■ **Exercise details**
Make an exact copy of the records, dropping all pictures.

(Data items)
::::
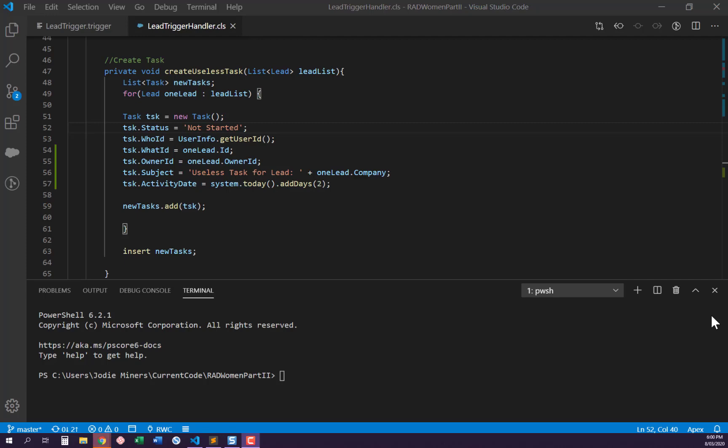I'm going to attempt to explain how to use the Apex Replay Debugger in Visual Studio Code. We all know how to use the debug log in Developer Console, and we can probably all read debug logs in the org, even though they're much harder to read. This takes it to the next level. If they ever come through on their promise of removing Developer Console and moving everything to Visual Studio Code, we'll know how to use this.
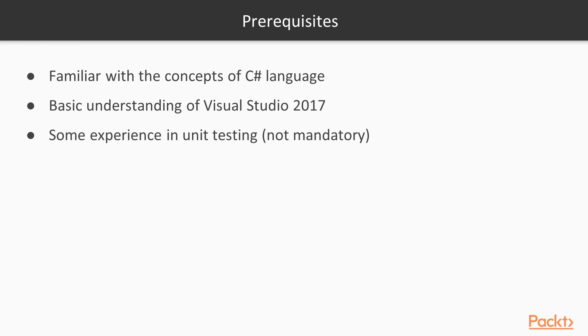In this course we will use Visual Studio Code for one of the detour examples, so some experience using this tool can be beneficial but not mandatory. If you have some experience in unit testing, even better, this course will be easier for you, but if you don't, no worries, we will get you up to speed in the first few sections.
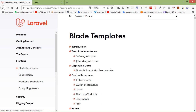Hi everyone, welcome back to the Laravel 7 tutorial. In this video, we are going to learn about blade templates. Blade is the inbuilt templating engine for the Laravel framework. Blade is a very powerful and easy to use templating engine that makes writing syntax very easy and readable.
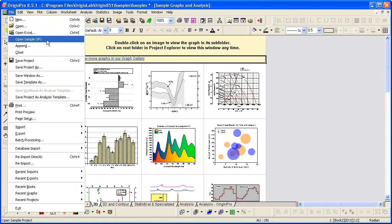With so many examples, we hope it will be very easy for you to get started using Origin. Thank you for watching.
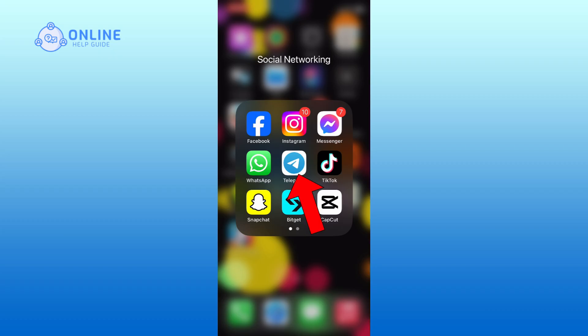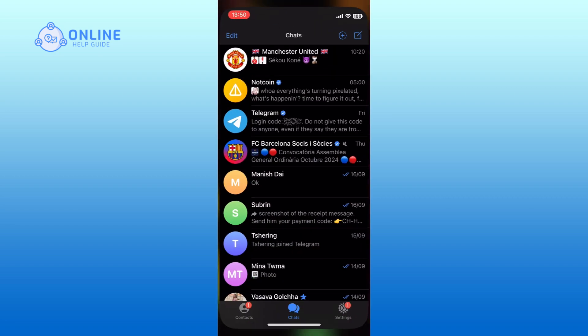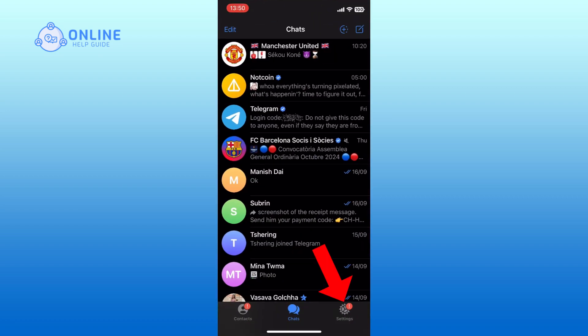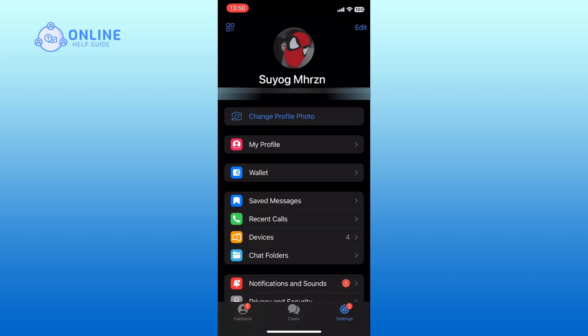First, open the Telegram app on your device. Tap on the settings icon from the bottom right corner of your screen. Now, tap on the edit button at the top right corner of your screen.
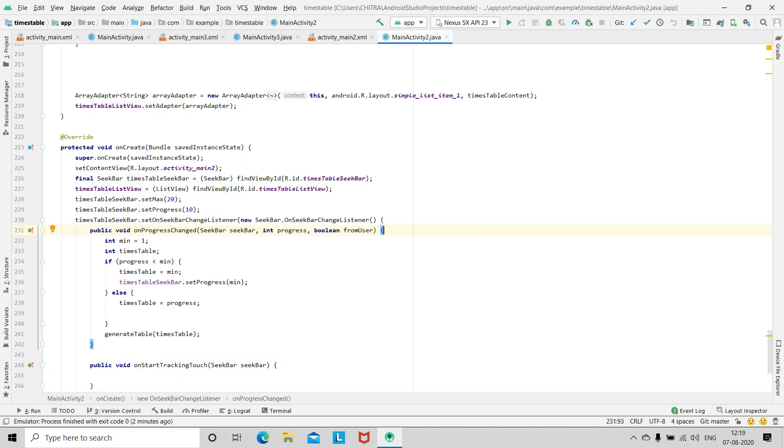you have to set a maximum limit and the current progress of the seek bar. So it's given here.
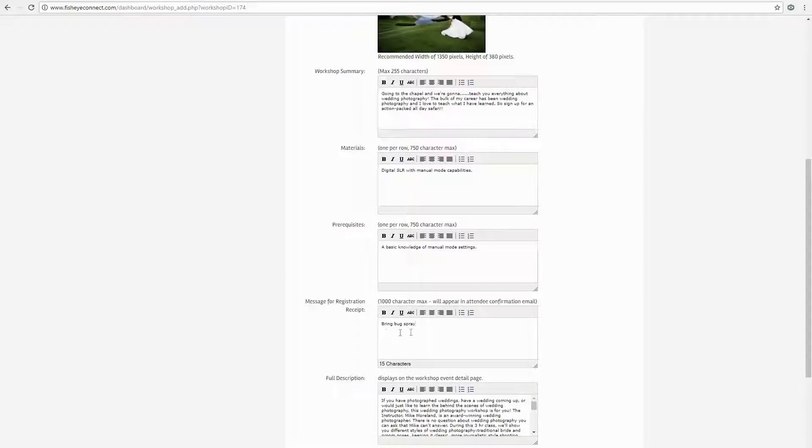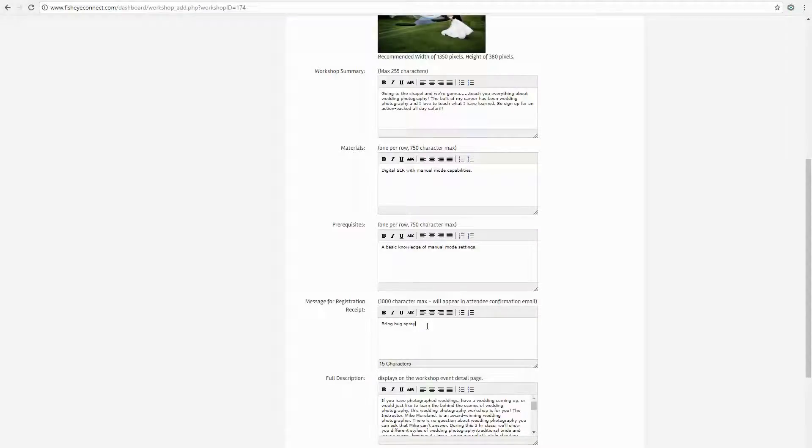Here you are able to customize the automatic email that is sent to your students. Here you would put things such as what students should bring when they are coming to your workshop.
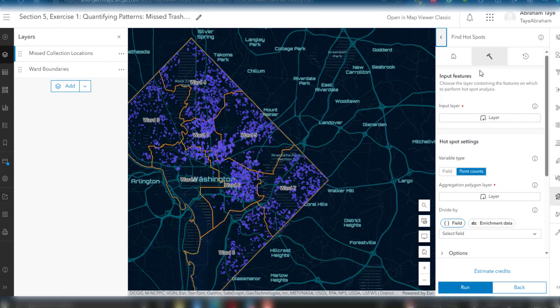This point dataset represents reports of missed trash or recycling collection for this specific ward boundaries. We want to see where the maximum amount of these missed collection locations exist. In ArcGIS Online, spatial statistics can help minimize subjectivity by quantifying spatial patterns and relationships, providing statistics to give additional confidence in our decision-making. Statistical clustering analysis such as hotspot, density, or proximity analysis can help determine if a spatial pattern is meaningful.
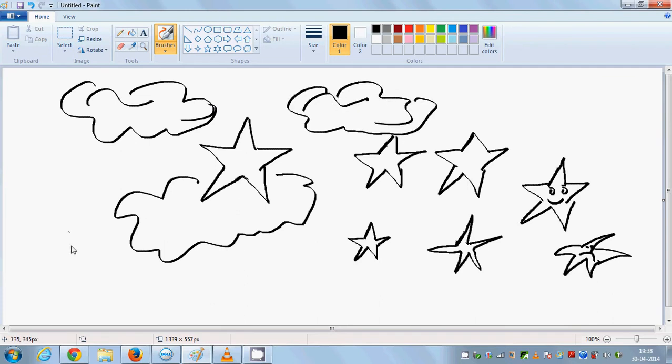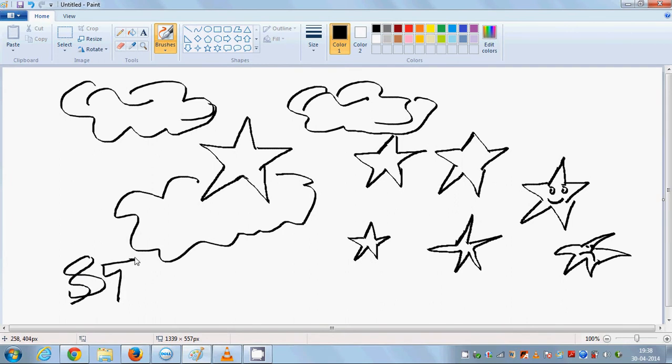And that completes our sky. And that is the star.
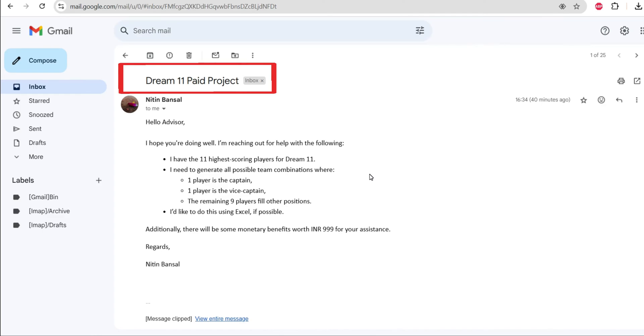Have you ever wondered how people in Dream 11 win jackpots? I mean, there could be combinations in the millions, and out of that only one person wins.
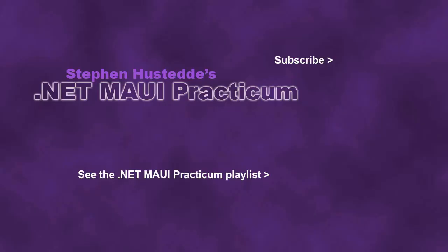If you just jumped into this video, you can see all the videos from the .NET MAUI Practicum playlist by clicking on the image in the lower right. And if you'd like to be alerted to future videos I create, you can click my picture in the top right to subscribe to the channel.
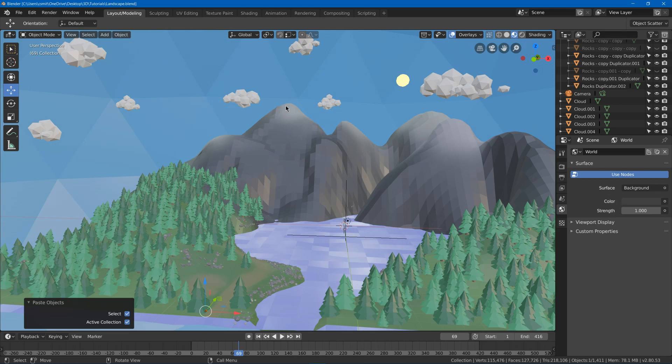So in this video, we're going to light the low-poly landscape and make a sunset type lighting environment. So first of all, we're going to switch to cycles.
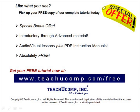Like what you see? Pick up your free copy of the complete tutorial at www.teachucomp.com forward slash free.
::::
■ **Solution for this problem**
I'm going to attempt to explain how to use the Apex Replay Debugger in Visual Studio Code. We all know how to use the debug log in Developer Console, and we can probably all read debug logs in the org, even though they're much harder to read. This takes it to the next level. If they ever come through on their promise of removing Developer Console and moving everything to Visual Studio Code, we'll know how to use this.
In this course we will use Visual Studio Code for one of the detour examples, so some experience using this tool can be beneficial but not mandatory. If you have some experience in unit testing, even better, this course will be easier for you, but if you don't, no worries, we will get you up to speed in the first few sections.
Hi everyone, welcome back to the Laravel 7 tutorial. In this video, we are going to learn about blade templates. Blade is the inbuilt templating engine for the Laravel framework. Blade is a very powerful and easy to use templating engine that makes writing syntax very easy and readable.
With so many examples, we hope it will be very easy for you to get started using Origin. Thank you for watching.
First, open the Telegram app on your device. Tap on the settings icon from the bottom right corner of your screen. Now, tap on the edit button at the top right corner of your screen.
you have to set a maximum limit and the current progress of the seek bar. So it's given here.
Here you are able to customize the automatic email that is sent to your students. Here you would put things such as what students should bring when they are coming to your workshop.
This point dataset represents reports of missed trash or recycling collection for this specific ward boundaries. We want to see where the maximum amount of these missed collection locations exist. In ArcGIS Online, spatial statistics can help minimize subjectivity by quantifying spatial patterns and relationships, providing statistics to give additional confidence in our decision-making. Statistical clustering analysis such as hotspot, density, or proximity analysis can help determine if a spatial pattern is meaningful.
And that completes our sky. And that is the star.
Have you ever wondered how people in Dream 11 win jackpots? I mean, there could be combinations in the millions, and out of that only one person wins.
If you just jumped into this video, you can see all the videos from the .NET MAUI Practicum playlist by clicking on the image in the lower right. And if you'd like to be alerted to future videos I create, you can click my picture in the top right to subscribe to the channel.
So in this video, we're going to light the low-poly landscape and make a sunset type lighting environment. So first of all, we're going to switch to cycles.
Like what you see? Pick up your free copy of the complete tutorial at www.teachucomp.com forward slash free.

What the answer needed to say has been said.